Many neophyte data modelers have trouble distinguishing between logical and physical data models.  These novices likely cannot explain why each model exists, or the differences expressed between them. Sadly, such confusion also exists in the realm of the experienced data modeler.  Not to say an experienced data modeler can’t express the difference between a logical and a physical data model; but across a group of experienced data modelers one would not get a consistent answer.  Data modeling tools only add to the confusion, as limited programming skills applied to tool development either have provided skewed, or occasionally no transformations, between what is logical and what is physical. 

Initially, the logical model was intended to be the item to which the users were exposed.  Queries were to be executed against those logical constructs.  Entity Relationship Diagrams arose to help express that logical perspective, as well as to expose interconnections trailed across the structures from applying the normalization rules that were intended as part and parcel of the relational approach.  The physical model had no diagram because it was physical; the data definition language itself comprised that physical layer.  Then data modeling tools arose to help create database designs, which started presenting a “physical model” which was accepted as given.  But these physical diagrams really were not very physical, as storage groups, partitions, indexes, and many other things were not visually incorporated. Often there were places inside the screens and pop-ups within the modeling tools for storing values related to these physicalities, but it was all just hidden parameters.  Diagram-wise there was a logical model and a second logical model that was called physical.

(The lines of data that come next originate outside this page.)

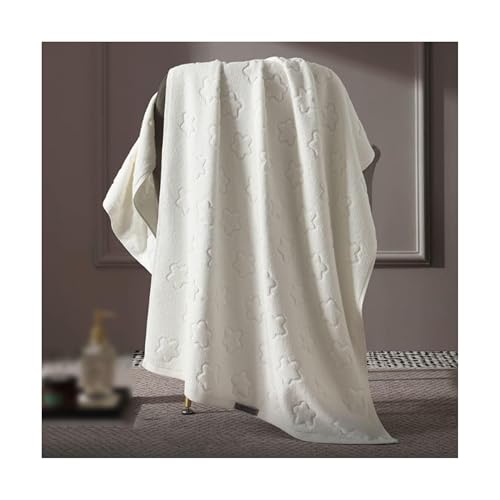 BLMAGS Reine Baumwollbadblätter Super weich absorbierende Badetheets Haushalt schnell trocknend modisches Badetuch 55.1x27.5in BLMAGS Reine Baumwollbadblätter Super weich absorbierende Badetheets Haushalt schnell trocknend modisches Badetuch 55.1x27.5in von BLMAGS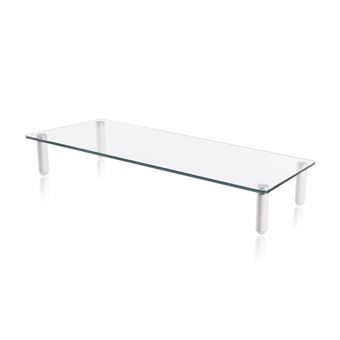 Support d’écran Equip 650882 de bureau transparent Equip - 1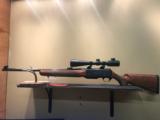 BROWNING BAR II SAFARI, 30-06 SPRG, WITH SCOPE - 1 of 12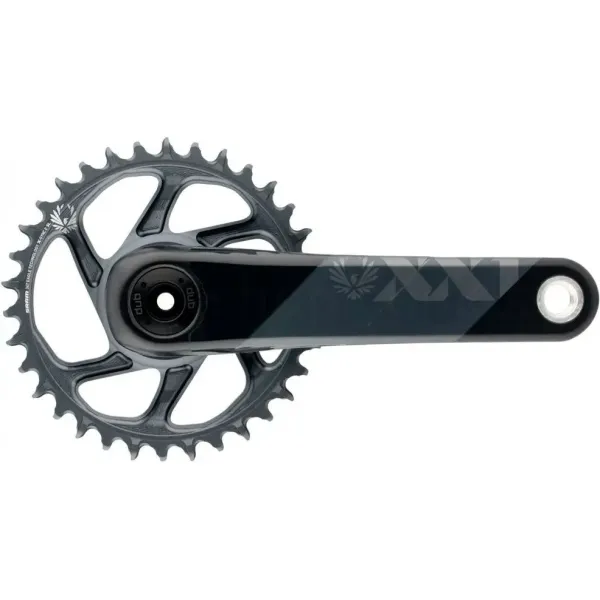 Шатуни SRAM XX1 Eagle DUB Boost 175 мм 34T Шатуни SRAM XX1 Eagle DUB Boost 175 мм 34T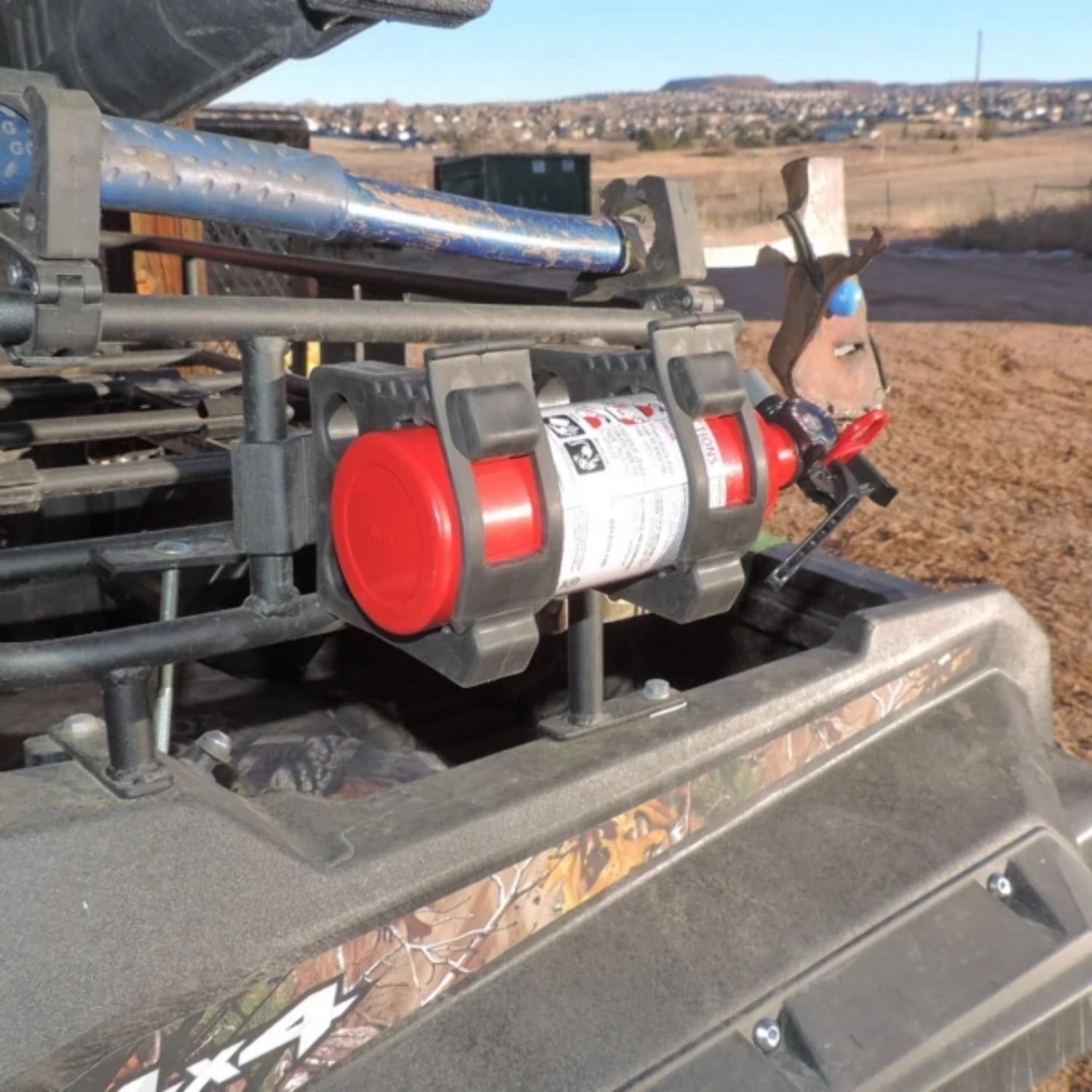 Rack Mount Fire Extinguisher Carrier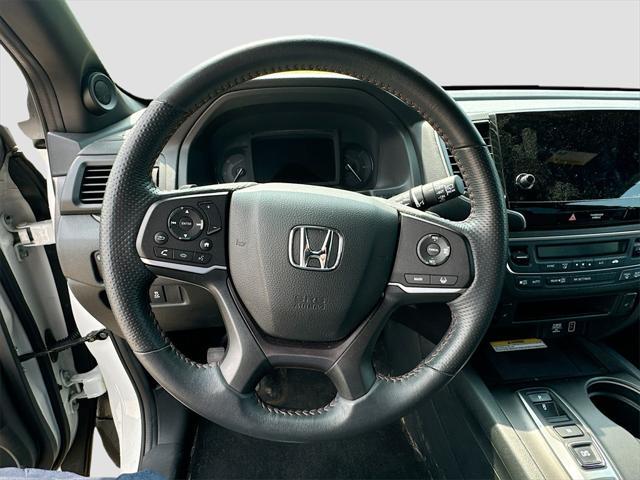 used 2022 Honda Passport car, priced at $34,999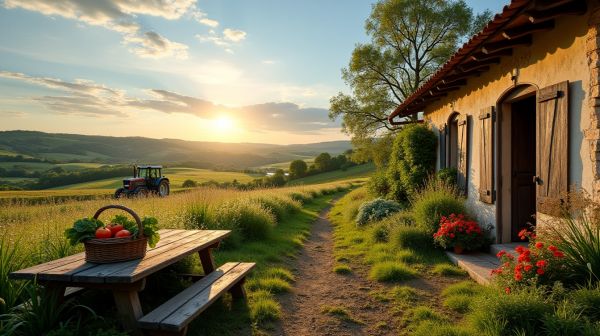 Comment profiter des exploitants agricoles et maraichers à Sauveterre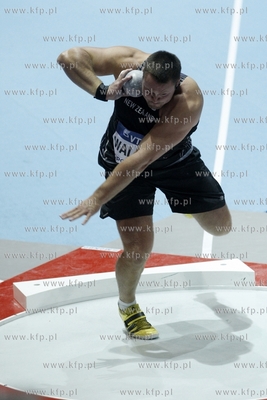 Sopot. Ergo Arena. Halowe Mistrzostwa Swiata w Lekkoatletyce....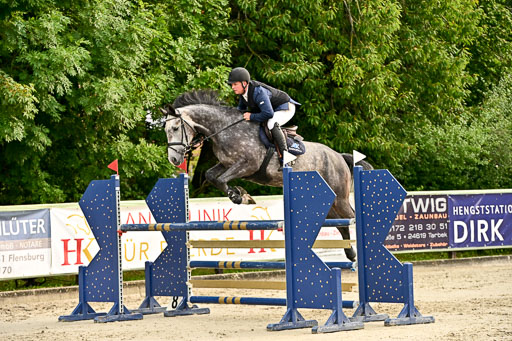 Show Jumping Event Stall Leichle in Schnarup | 140825 Youngster _062 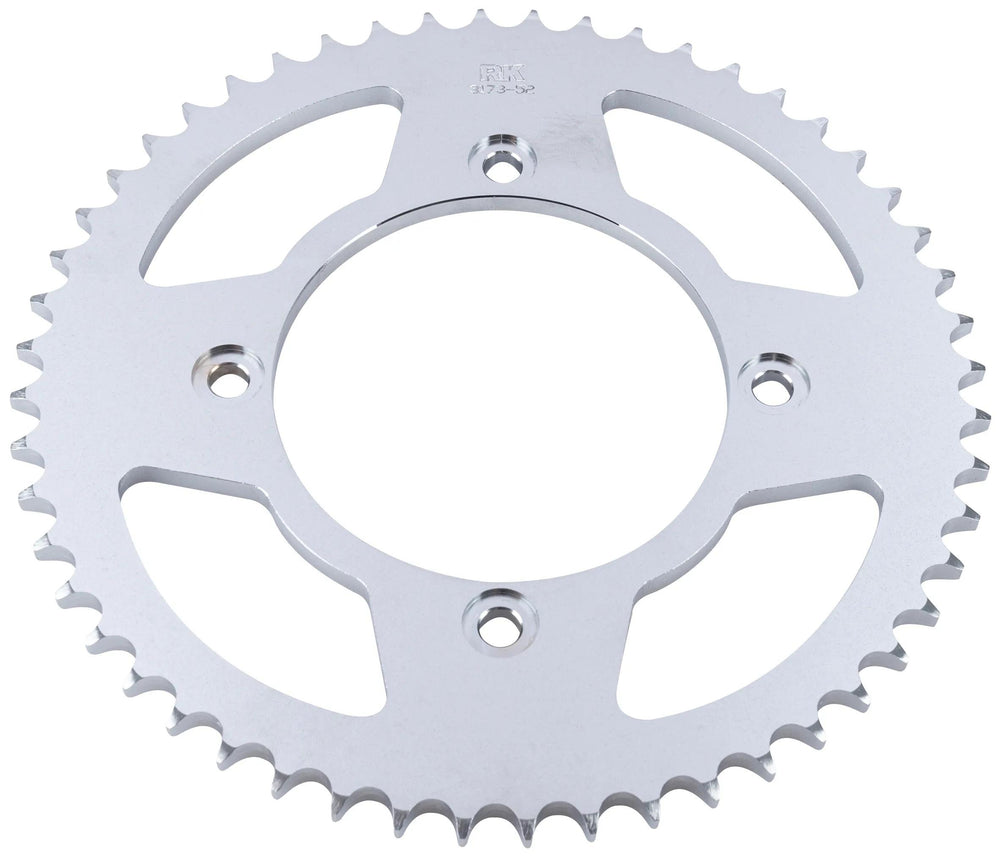 Rk chain wheel 428 56z steel silver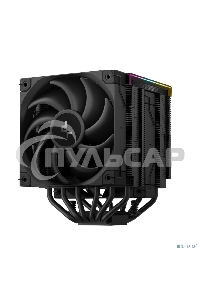 Кулер для процессора DEEPCOOL AK620 DIGITAL PRO черный, 120 мм, алюминий/медь, 1750 об/мин, 25 дБ, 4 pin, 260 Вт, 163 мм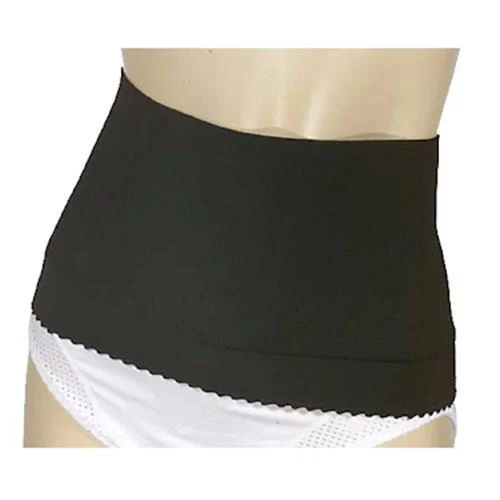 Ajustador de cintura Carol Wior con cierre trasero de gancho y ojo NUEVO CON ETIQUETAS NEGRO Talla XL (18W-20W) Foto 1 de 1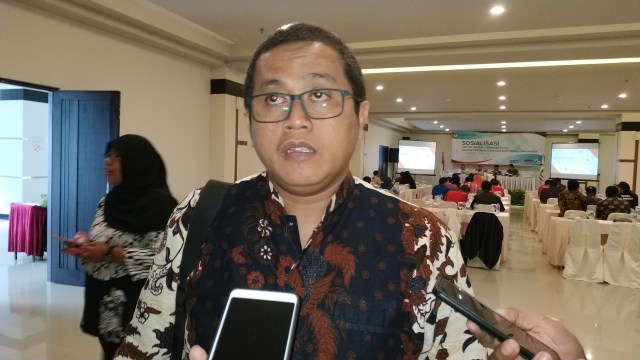 Komisioner Bawaslu Kepri, Indrawan Susilo. Foto : Ismail/kepripedia.com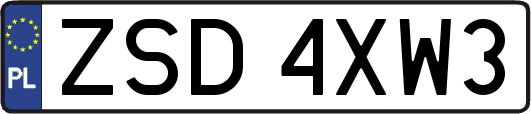 ZSD4XW3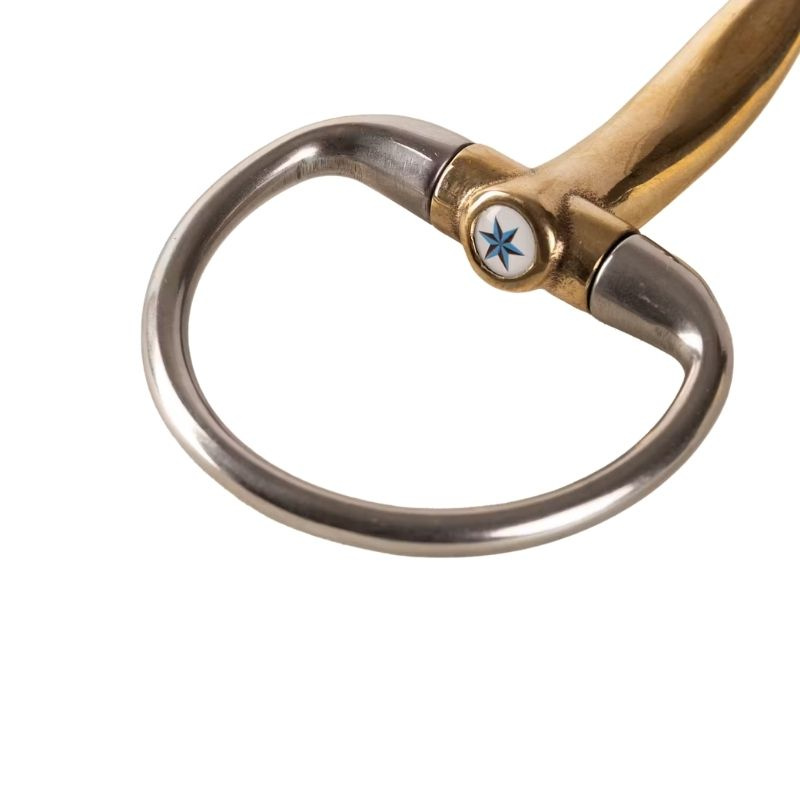 Muffebitt Todelt Sweet Copper 16mm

As the modeling tools evolved, some tools started allowing variations between logical and physical diagrams.  Two logical entities could become one physical table, or vice versa.  Attributes and entities could be flagged as “logical only,” and tables and columns could be flagged as “physical only.”  And super types and sub-types from the logical layer could be converted into physical objects with some flexibility.  Again data modelers bought into a newer fiction that the logical model expressed the business rules while the physical was what was established “for performance.” 

If such an idea were entirely true, maybe things could have settled into that newer explanation.  But unfortunately, the tools were not always maintaining the proper variations between the layers.  When building a logical model today, far too often the designer will start adding in attributes under the guise of “denormalizing for performance.”  Further, those denormalizations likely may be of primary key values for other entities.  The expressions of business rules becomes murky and associative derivatives or worse are expressed.  But then again, the actual relationship line in the ERD may or may not be defined.  And even when it is defined, thanks to the flexibility of the tools, there are times where the relationship is defined as a zero-to-many, when it actually should be a one-to-many.  The designer may simply make the attribute mandatory while not properly noting the relationship itself.  The end result is a sloppy logical data model that does not really express the business rules and logical functional dependencies across the data in scope.  Ultimately, one could suggest that instead of a logical and physical model, one has two variations of a physical data model.

It is not unusual for designers to follow some of these confusing practices, or claim they have distinct logical and physical data models while really having two logical or two physical models.  As a profession, data modelers and data architects should try to reach consensus, and bring tools into alignment with that consensus.  What should the roles of the logical and physical data models be?  We have not yet made ourselves clear.